# Verständnisfrage zu varchar und Speicherplatz



## brainray (2. Jan 2010)

Hallo,

wie besetzt varchar eigentlich Speicherplatz: wenn ich ein Attribut x varchar(25) definiere, belegt aber nur 15 Bytes, werden ja tatsächlich nur die 15 Bytes belegt, und die restlichen 10 Bytes werden ja _nicht _ reserveirt, richtig? Das heißt, wenn ich nun ein Update auf diesem Attribut in dieser Zeile durchführe, der nun 25 Bytes  aumfasst, würde die Datenbank-Engine vermutlich den original-Eintrag löschen und einen Platz im Block suchen, an den die 25 Bytes hinpassen. Entsprechend müssten danach noch der Baum bzw. die Indices reorganisiert werden.
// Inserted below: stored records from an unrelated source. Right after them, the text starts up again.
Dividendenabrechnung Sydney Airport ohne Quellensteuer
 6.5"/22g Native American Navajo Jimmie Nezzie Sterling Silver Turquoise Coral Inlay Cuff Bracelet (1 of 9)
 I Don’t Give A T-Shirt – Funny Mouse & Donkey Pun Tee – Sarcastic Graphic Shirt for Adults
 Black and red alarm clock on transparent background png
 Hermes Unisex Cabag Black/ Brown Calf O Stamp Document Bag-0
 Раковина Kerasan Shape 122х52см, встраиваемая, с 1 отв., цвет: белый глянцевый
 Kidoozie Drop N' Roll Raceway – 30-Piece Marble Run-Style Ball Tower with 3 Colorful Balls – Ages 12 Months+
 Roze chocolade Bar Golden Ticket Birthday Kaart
Hätte man einen char(25) Datentyp verwendet, könnte vermutlich der selbe Speicherplatz benutzt werden.

Sehe ich das richtig?

Beste Dank


----------



## Meldanor (2. Jan 2010)

MySQL :: MySQL 5.1 Referenzhandbuch :: 11.4.1 Die CHAR- und VARCHAR-Typen
Eventuel hilft dir das


----------



## brainray (3. Jan 2010)

Hi,

danke für die Anregung. Leider steht es dort auch nicht ganz genau, aber ich krame bereits in einigen Büchern.

Viele Grüße

Ray


----------



## ice-breaker (3. Jan 2010)

die Angabe zu char(25) stimmt, zu varchar ist das komplexer, erstmal wird an Bytes natürlich der String (1 Byte pro Zeichen bei ASCII) + 1 bzw 2 Bytes als Längenangabe wielang der String ist (2 Bytes bei length > 256).
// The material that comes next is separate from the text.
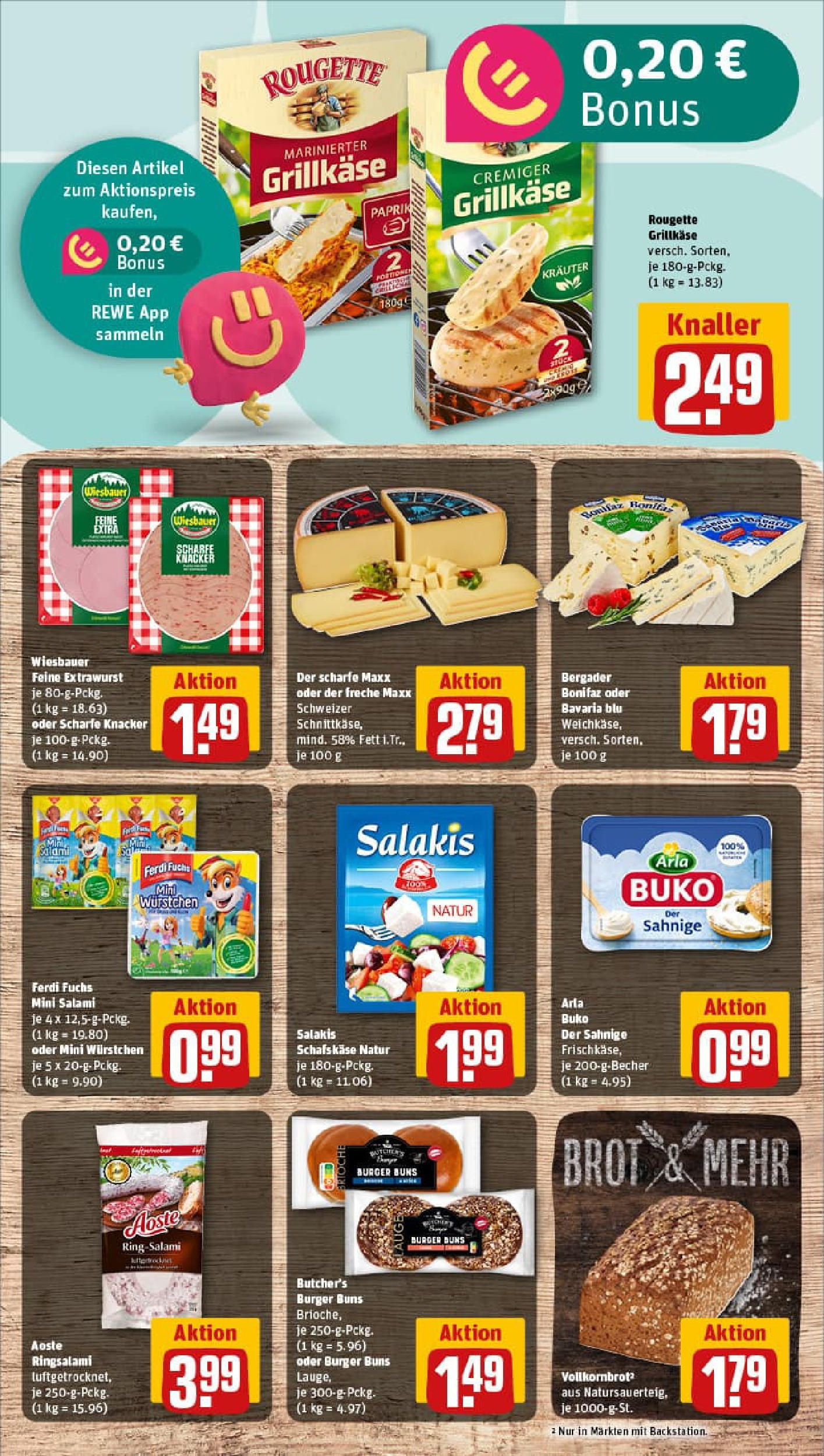 REWE Prospekt ab 24.08.2025 zum Blättern » Angebote | Seite: 9 | Produkte: Burger, Salakis, Salami, Schafskase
Wie nun genau die Daten bei varchar gespeichert werden ist eine komplexere Sache, da jede Engine dies implementieren kann, wie sie möchte. Mach dir da keine zu großen Gedanken drüber, es seidenn es beeinflusst wirklich die Performance. Denn bei InnoDB ist die Speicherung relativ komplex, und noch komplexer ist sie geworden, seitdem Kompressionen unterstützt werden.


----------